Getting Job Information
There are multiple ways to find information about your jobs, such as using the squeue
command (works on currently pending/running jobs only), looking at emailed job reports (contain less detail than those from Orchestra), and running sacct
(works for running and completed jobs). More information about job monitoring is detailed in Using Slurm Basic.
Monitoring pending or running jobs
squeue
gives information about jobs currently in the scheduler (pending, running, etc.). Unlike bjobs
, though, by default it shows jobs by ALL users (equivalent to bjobs -u all
). So you will usually want to run squeue -u <userid>
.
JOBID PARTITION NAME USER ST TIME NODES NODELIST(REASON)
279 short blast.sb ak150 R 0:02 1 compute-a-16-28
The ST
column gives job state: R
means running, PD
means pending, etc. A full list of job states can be found here in the SLURM squeue documentation.
If you have pending jobs and you'd like to know approximately when they will start, use squeue
--start -u <userid>
. The START_TIME
column reports the estimated time your job will begin. However, this estimate assumes that all other jobs on the cluster will run to the maximum runtime limits that users input (with sbatch -t
). So often your job will begin well before the reported START_TIME
.
JOBID PARTITION NAME USER ST START_TIME NODES SCHEDNODES NODELIST(REASON)
1289470 long wrap kmk34 PD 2017-05-20T17:19:58 1 compute-a-16-96 (Resources)
Useful squeue options:
squeue option | bjobs eqiuvalent | Notes |
---|---|---|
-j | <jobid> | Report on a specific job ID (or comma-separated set of job IDs) |
-n | -J | Job name |
-o / -O | Lets you ask for specific types of information about the job. See the squeue man page | |
-p | -q | Only jobs in a given partition |
--start | Report expected start time of pending jobs | |
-t | -r, -p, -d | Show jobs in a particular state (e.g. `-t R` is like `bjobs -r`) or comma-separated set of states |
-u | -u | Note that you can also give a comma-separated list of IDs |
-w | -m | Show jobs on a particular node |
Job completion emails or output/error files
--mail-type
and optionally --mail-user
in your job submission to receive these notifications.

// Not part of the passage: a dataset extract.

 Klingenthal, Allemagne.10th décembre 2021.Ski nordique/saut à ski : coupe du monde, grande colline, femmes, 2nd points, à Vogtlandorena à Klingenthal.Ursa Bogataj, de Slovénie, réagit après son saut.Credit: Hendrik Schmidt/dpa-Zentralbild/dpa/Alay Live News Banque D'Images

Also, your job output will not be emailed to you, even if you request email notifications. Slurm will automatically put job error and output in a file called slurm-<jobid>.out
in the directory you submitted the job from. If you would prefer, you can direct the output by specifying the -o
(stdout) and -e
(stderr) options in the job submission command.sacct
queries for more detailed information. Job accounting data using sacct
Emailed job reports only report the exit code, status, and run time of your job. More information for a job can be found by running sacct -j
<jobid>
. By default, sacct
only outputs a limited amount of information. You can specify additional output fields using the --format
option. You can see a full list of possible fields by running sacct --helpformat
.
Here is an example command to obtain accounting information for a completed job:
sacct -j <jobid> --format JobId,NNodes,Partition,NCPUs,State,ReqMem,MaxRSS,Elapsed,CPUTime,TimeLimit,ExitCode,Start,End
If you are contacting Research Computing because a job did not behave as expected, it's often helpful to include sacct
output in your request. Just attach it to the email, or paste it into the form.
Job Arrays
There are two ways to run job arrays. You can use a job array script just like a typical script, but submit 30 copies:
sbatch --array=1-30 submit.sh
Or you can insert this line in the script instead:
#SBATCH --array=1-30
(It may be desired to use %a
and %A
in output filenames in this case.)
If files are cleverly numbered, you can reference them with ${SLURM_ARRAY_TASK_ID}
which fetches the array ID, e.g. you need to process 30 fastq files, and they are named (something like) fastq1.fastq, fastq2.fastq, etc.:
<command that processes fastq files> /path/to/fastq"${SLURM_ARRAY_TASK_ID}".fastq
A different input file will go to each job in the array, mapped 1-to-1.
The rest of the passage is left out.